For me, cutting off my hair was a decision of convenience. I had my thyroid taken out last year and, thank God, there was no cancer. But now I’m dealing with the after-effects of that surgery. This includes, unfortunately, things like brittle hair and hair loss. My hair used to be really thick. Now? Not so much. So I made the choice to cut it short until the loss stops and my hair comes back. At least, I hope it comes back. Keeping it short helps me, mentally, and I believe it helps with breakage.

Telling these young girls that their decision to cut their hair makes them less than what they are – incredible athletes – is just wrong. It shouldn’t matter that they have short hair. If they had no hair at all, it wouldn’t affect their ability to play soccer.

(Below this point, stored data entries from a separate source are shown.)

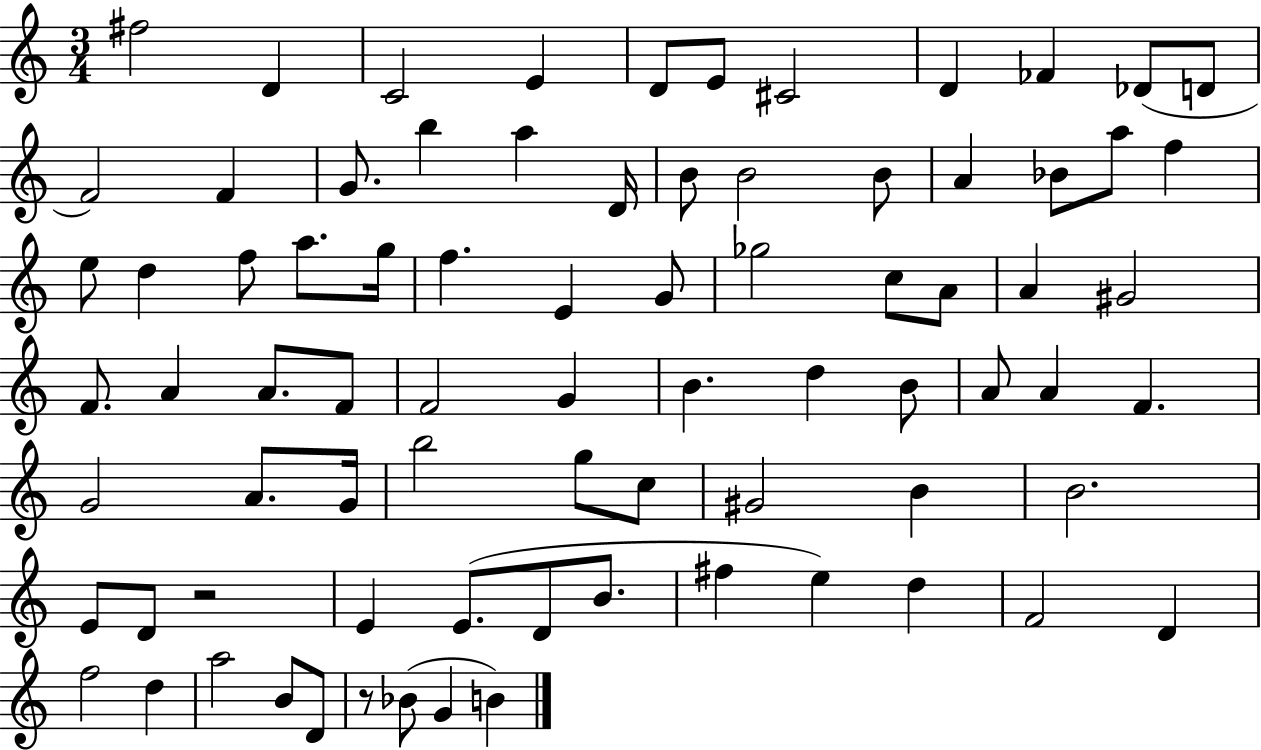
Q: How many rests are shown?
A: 2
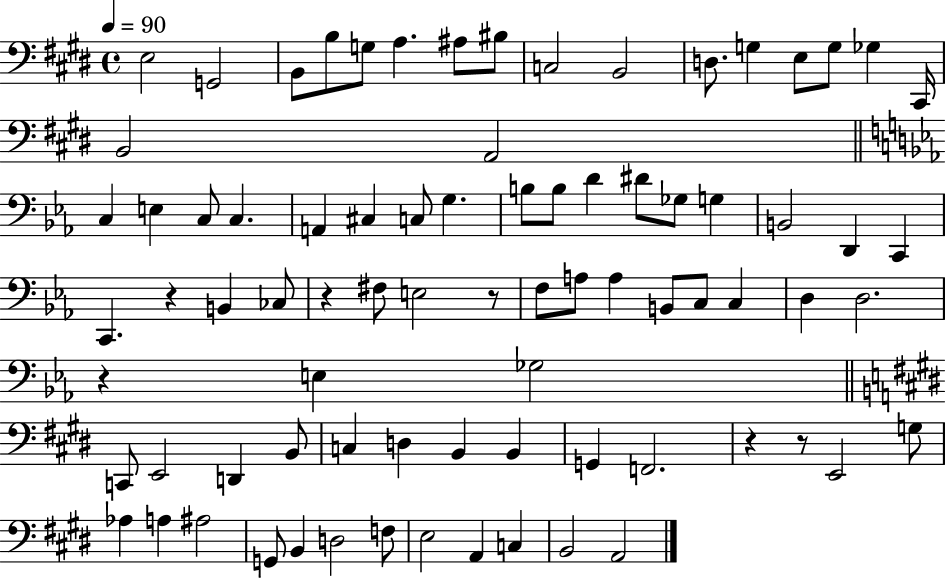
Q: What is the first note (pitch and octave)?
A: E3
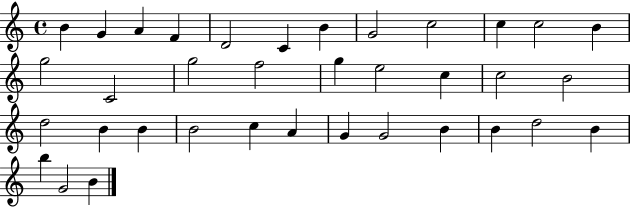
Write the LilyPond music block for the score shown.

{
  \clef treble
  \time 4/4
  \defaultTimeSignature
  \key c \major
  b'4 g'4 a'4 f'4 | d'2 c'4 b'4 | g'2 c''2 | c''4 c''2 b'4 | \break g''2 c'2 | g''2 f''2 | g''4 e''2 c''4 | c''2 b'2 | \break d''2 b'4 b'4 | b'2 c''4 a'4 | g'4 g'2 b'4 | b'4 d''2 b'4 | \break b''4 g'2 b'4 | \bar "|."
}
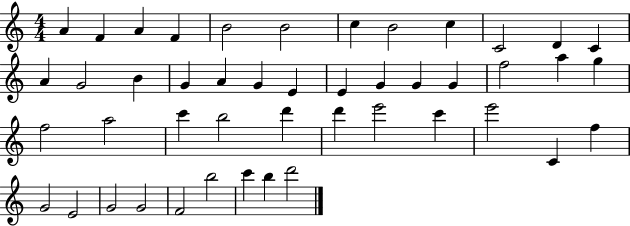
X:1
T:Untitled
M:4/4
L:1/4
K:C
A F A F B2 B2 c B2 c C2 D C A G2 B G A G E E G G G f2 a g f2 a2 c' b2 d' d' e'2 c' e'2 C f G2 E2 G2 G2 F2 b2 c' b d'2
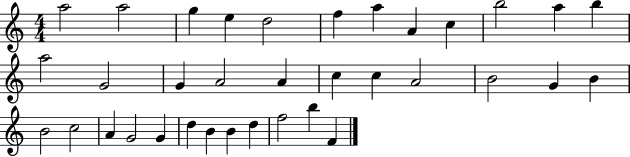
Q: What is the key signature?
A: C major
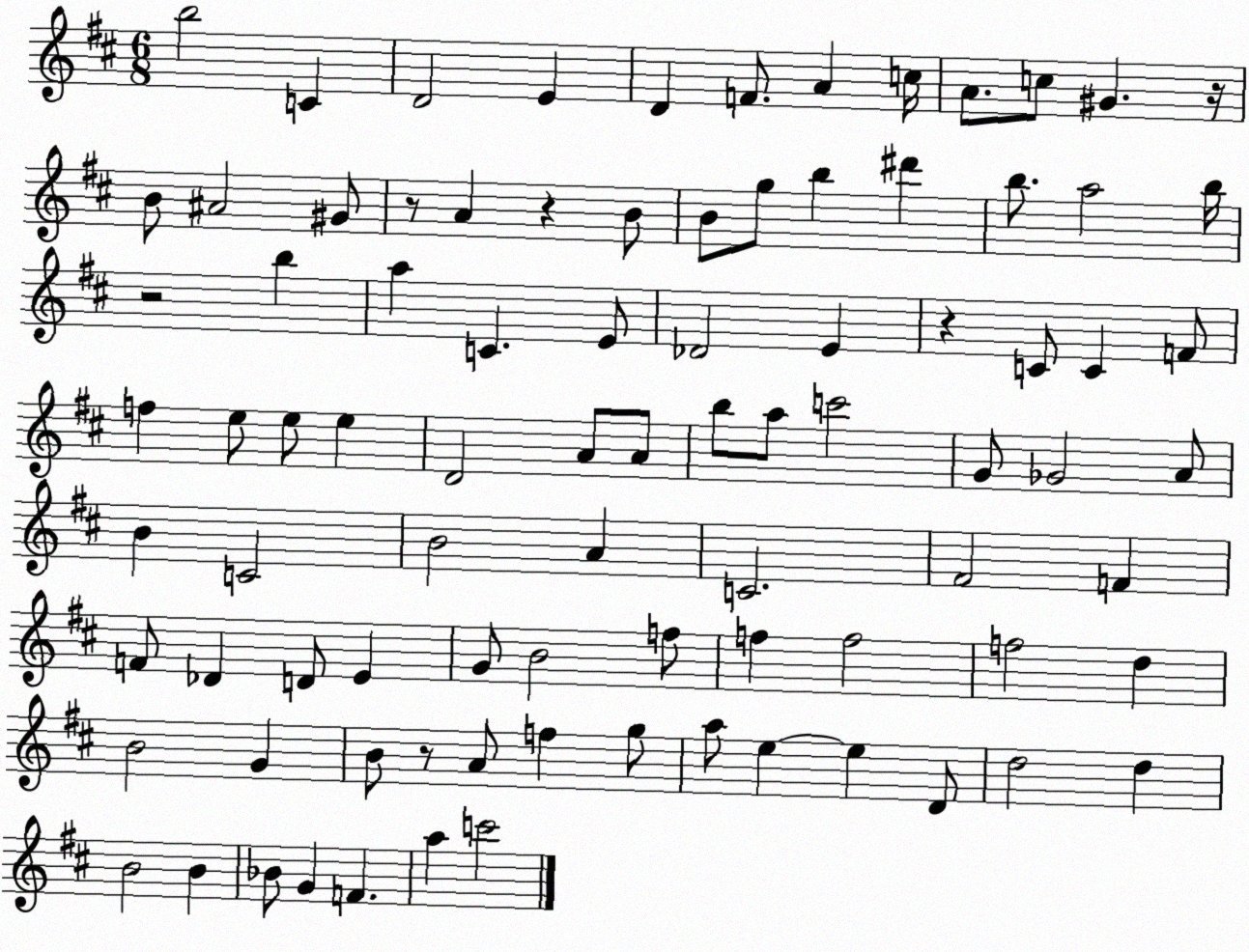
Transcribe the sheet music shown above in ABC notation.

X:1
T:Untitled
M:6/8
L:1/4
K:D
b2 C D2 E D F/2 A c/4 A/2 c/2 ^G z/4 B/2 ^A2 ^G/2 z/2 A z B/2 B/2 g/2 b ^d' b/2 a2 b/4 z2 b a C E/2 _D2 E z C/2 C F/2 f e/2 e/2 e D2 A/2 A/2 b/2 a/2 c'2 G/2 _G2 A/2 B C2 B2 A C2 ^F2 F F/2 _D D/2 E G/2 B2 f/2 f f2 f2 d B2 G B/2 z/2 A/2 f g/2 a/2 e e D/2 d2 d B2 B _B/2 G F a c'2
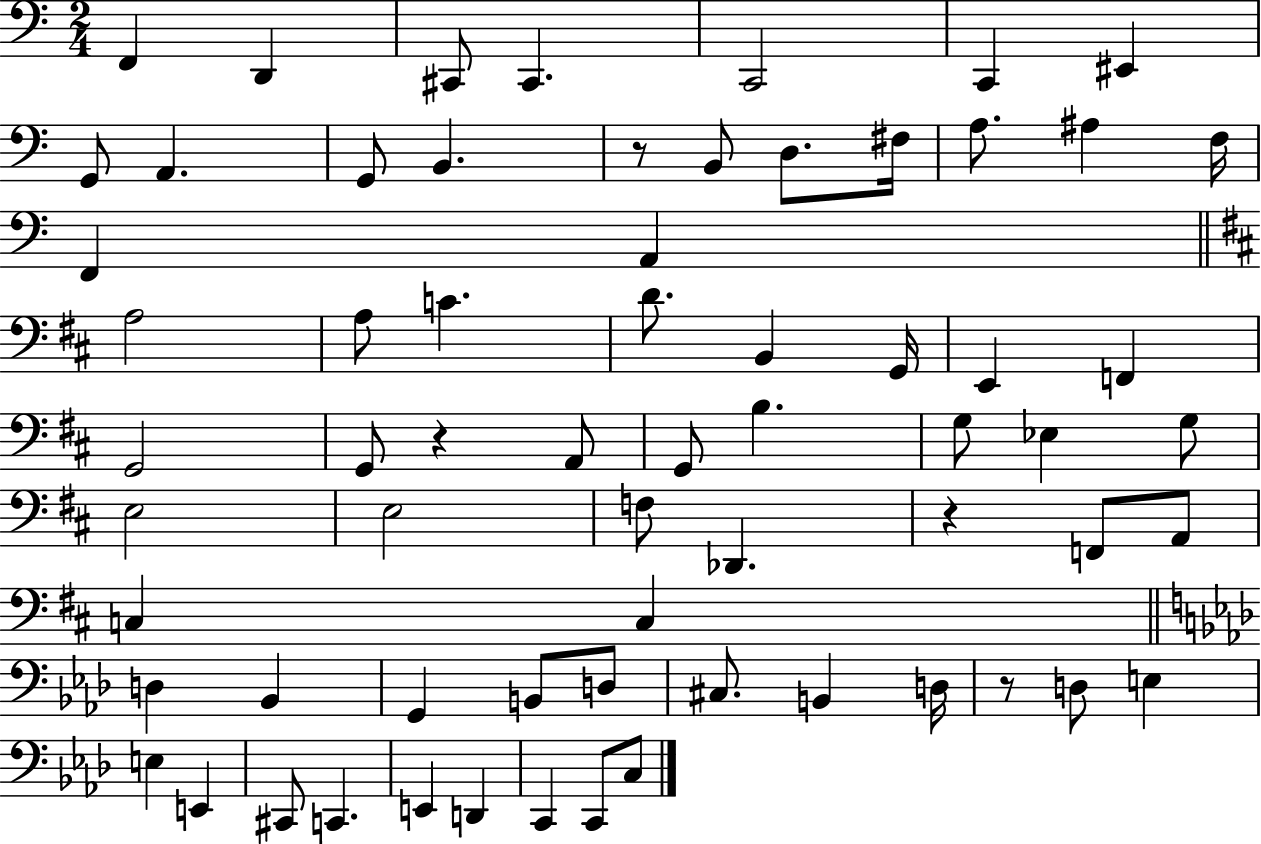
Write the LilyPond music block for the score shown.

{
  \clef bass
  \numericTimeSignature
  \time 2/4
  \key c \major
  f,4 d,4 | cis,8 cis,4. | c,2 | c,4 eis,4 | \break g,8 a,4. | g,8 b,4. | r8 b,8 d8. fis16 | a8. ais4 f16 | \break f,4 a,4 | \bar "||" \break \key d \major a2 | a8 c'4. | d'8. b,4 g,16 | e,4 f,4 | \break g,2 | g,8 r4 a,8 | g,8 b4. | g8 ees4 g8 | \break e2 | e2 | f8 des,4. | r4 f,8 a,8 | \break c4 c4 | \bar "||" \break \key f \minor d4 bes,4 | g,4 b,8 d8 | cis8. b,4 d16 | r8 d8 e4 | \break e4 e,4 | cis,8 c,4. | e,4 d,4 | c,4 c,8 c8 | \break \bar "|."
}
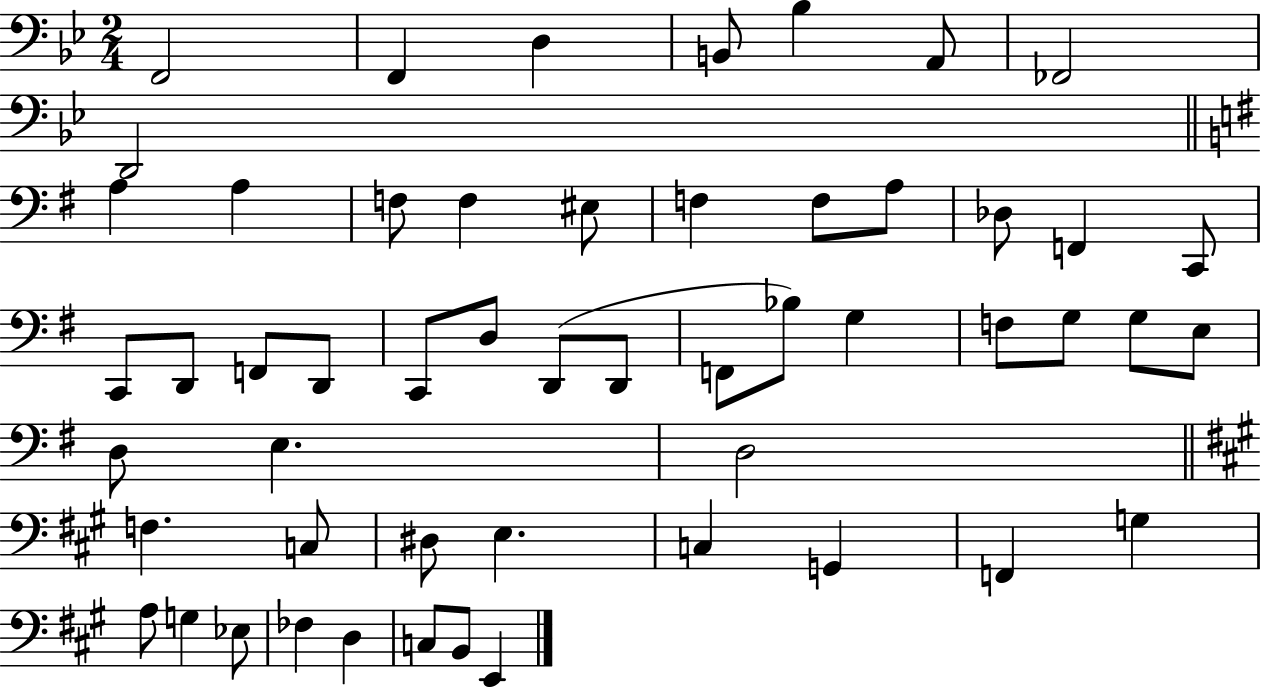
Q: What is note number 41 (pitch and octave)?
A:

In this day and age, when young girls are already pressured to look like the Kylies and Kendalls of the world (see the Kardashians), it’s imperative that we encourage those who have the courage to step up and be the individuals that they are.

So whether you choose to have short hair, pink hair, long gray hair at 21 or long black hair at 95, ladies, let’s stop judging each other. Diversity is good. If we all looked the same, how boring would this world be? Celebrate the differences, because those are the things that make us each beautiful.